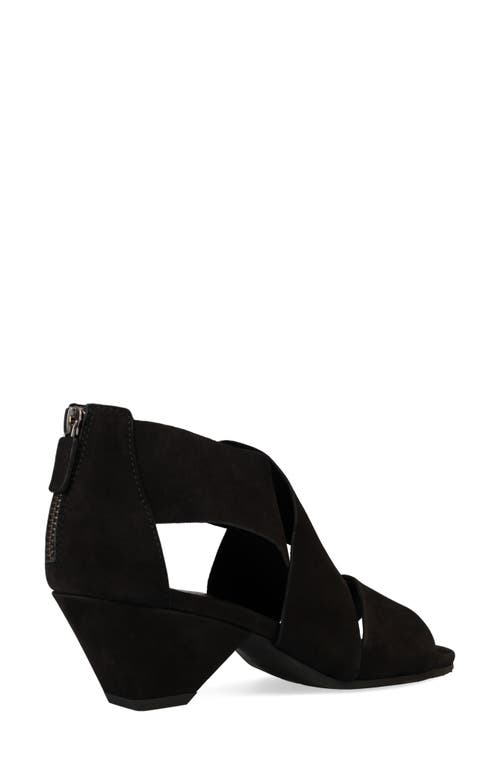 Eileen Fisher Junie Sandal In Black
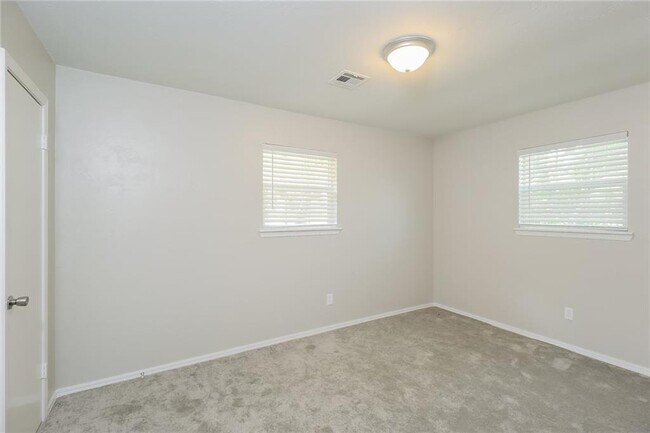 Building Photo - 1153 Elmhurst St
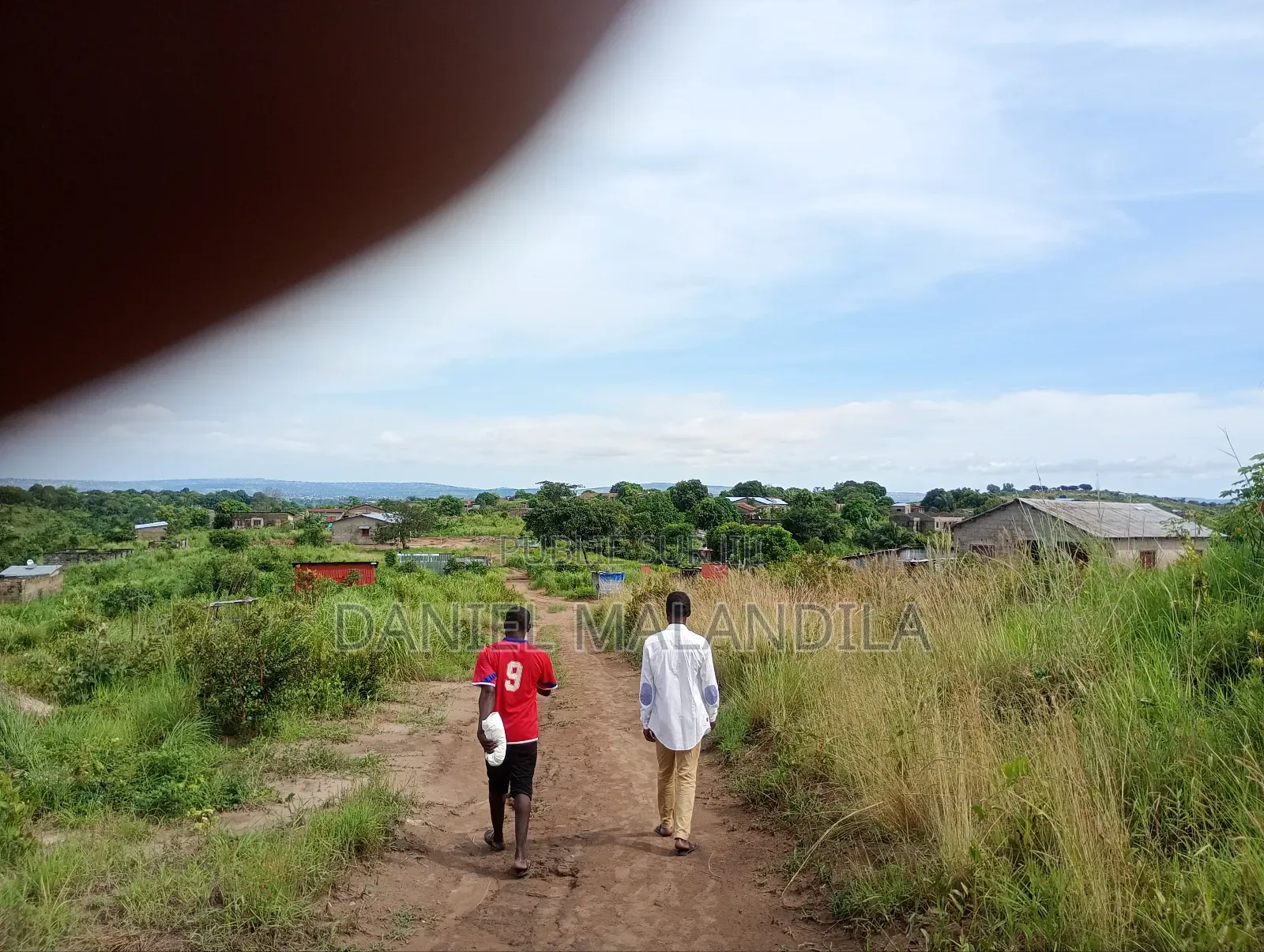 1 Terrain À Vendre, Visite Gratuite.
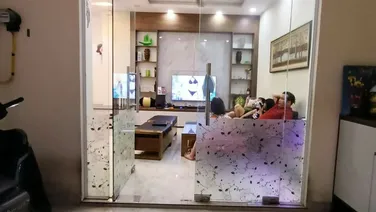 Tôi cần chuyển nhượng nhà riêng phố Yên Lạc 49 m2 x 4 tầng tặng đồ đẹp, mặt tiền 4,3m giá siêu rẻ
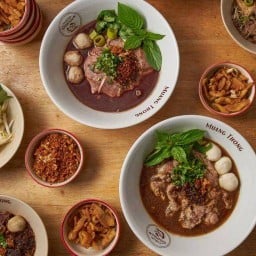 ก๋วยเตี๋ยวเรือเมืองทอง เยาวราช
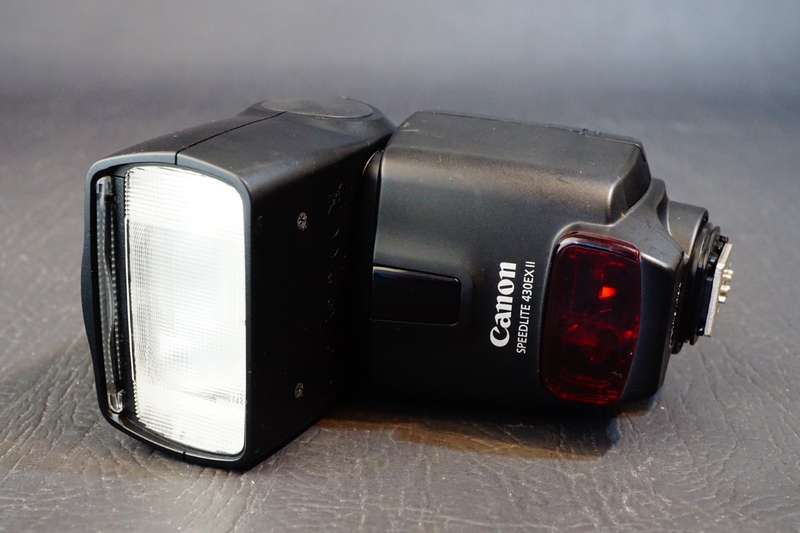 Canon Speedlite 430EX II Hot Shoe Mount Flash For Canon Cameras   **Great Condition**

────────────────────────────────────────

**INSTRUCTIONS FOR THE TASK**
The lines from the one holding "ก๋วยเตี๋ยวเรือเมืองทอง เยาวราช" through the end of the entries are to be transcribed exactly, both ends included, with the pictures left out.

**RESPONSE AREA**
 ก๋วยเตี๋ยวเรือเมืองทอง เยาวราช
 Canon Speedlite 430EX II Hot Shoe Mount Flash For Canon Cameras   **Great Condition**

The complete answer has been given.